Each of these "standards" has two parts: an account of what will be recognized or performed, and a suggestion of quality of its performance. In education, these two magnitudes have been pointed as content tankard and performance standards, and they point out to fairly diverse concepts, each having a separate set of connotation. In standard-based education, the syllabus and units of study are distinctly delineated, comprehended by the teachers and students and conveyed to every employee, families and the community.

Standard-based education system will promote fair play, foster learning of students and strengthen insatiability. Establishing standards is a vital and efficient learning instrument as they state distinct prospect of what every student must have an understanding and capable of ongoing with the language. They can be supportive to various populations like the state, districts and school, teachers, student and parents. Establishing a national standard lets to setting aside for identical chance for every student. To start with every student is evaluated against the same standards.

In the absence of a universal standard and every teacher establishing his or her independent standard, the expectation of the school on their student will be diverse. As there will be no element for comparison, instruction as well as assessment cannot be unswerving. Secondly, in the event of establishing a national standard, it is obvious what the students will be learning at various stages of their education. Examination provided by the state can assess the development of the student towards achievement of the standard.

The students who are failing in achieving the standards can be given preliminary, efficient help. (Why have a standards-based curriculum and what are the implications for the teaching- learning-assessment process? ) Standards set students to fix particular objectives with understanding of the particular prospect and norms for success. This lets to set objectives that are attainable. The evenness of a standard based procedure currently opens opportunities to individuals.

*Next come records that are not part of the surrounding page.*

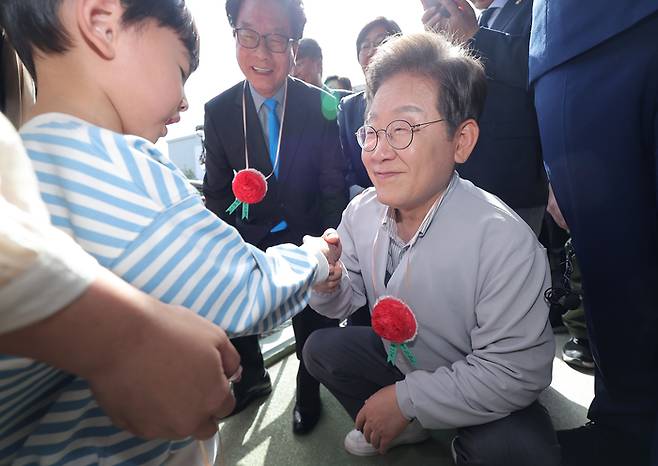 더불어민주당 이재명 대선 후보가 7일 전북 익산시 대한노인회 익산시지회에서 열린 노인회 간담회에 참석하던 중 어린이로부터 카네이션 목걸이를 받고 있다. 연합뉴스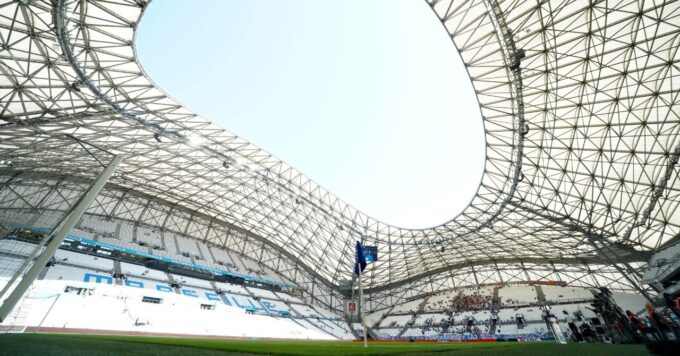 Un jeune joueur de football en action sur le terrain.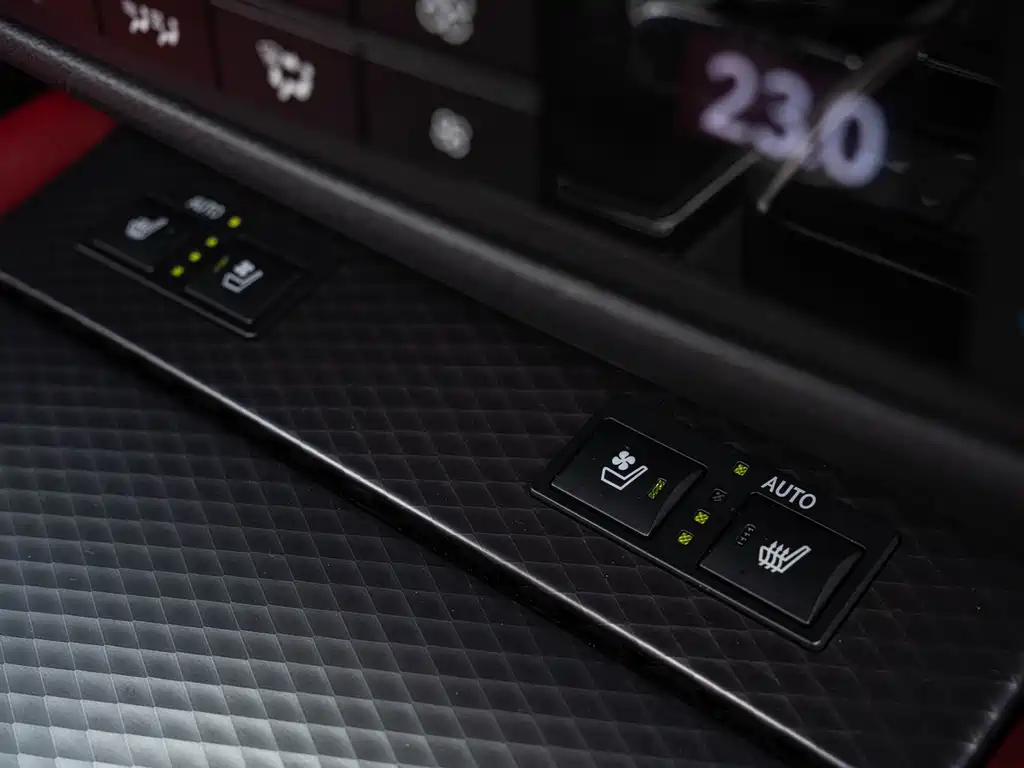 Lexus GS 2016 — фото 19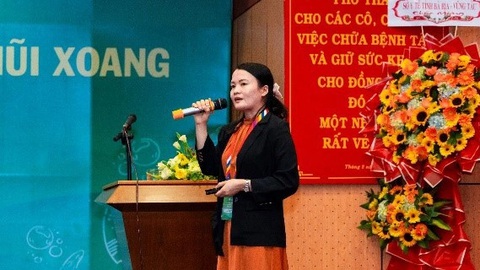 Hướng dẫn chẩn đoán điều trị các bệnh lý mũi xoang 2024 và cập nhật biện pháp quản lý tác nhân siêu vi- Ảnh 5. ThS Trần Thị Thúy Hằng, Bệnh viện đa khoa Tâm Anh TP.HCM phát biểu tại hội thảo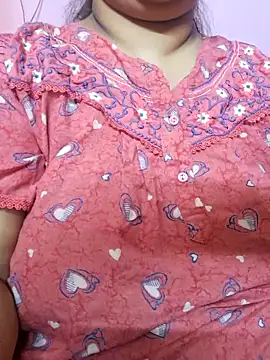 Snapshot of Ravina_patil1 chatting on 03.13.25 Ravina patil1 online show from 03.13.25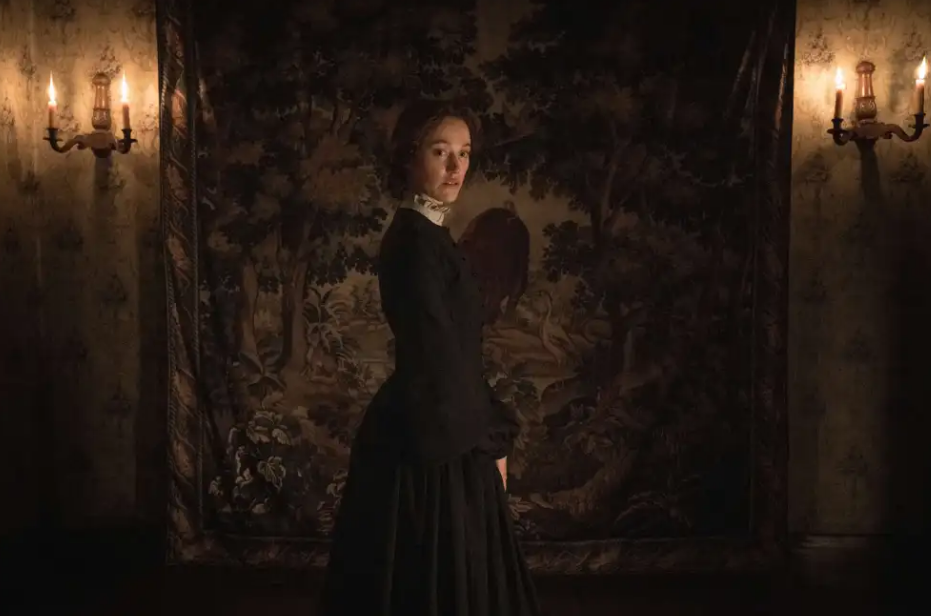 « Victorian Psycho » : Maika Monroe se transforme en tueuse en série du XIXe siècle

Customized learning methods, learning at one's independent speed, identification of the specific learning that requires to happen, aids in describing the manner in which and what students are required to be aware and be capable to perform to attain the age suitable standard, as observed by several remarks. The transition to standards-based evaluation aids in building a culture of success in which every student can attain a satisfactory standard. In case of students, standard established apparent performance prospects, aiding them to empowered what they are required to do so as to fulfill the standards.

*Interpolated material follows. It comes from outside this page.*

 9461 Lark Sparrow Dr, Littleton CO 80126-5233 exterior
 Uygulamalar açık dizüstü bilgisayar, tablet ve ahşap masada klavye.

These works lets the students to exhibit their knowledge, including the norm for evaluation. In conclusion standardized tests make sense, Just as final exams tell us whether a student understands solid geometry, graduation tests tell us if a student has grasped enough high school work to Justify a diploma. Just as a mid-term exam would show whether students have absorbed the first principles of the class their taking at the time of the exam. Therefore politicians seem to love the tests: In pursuit of accountability and high standards, they have required an increasing number of tests at many stages of K-12 education.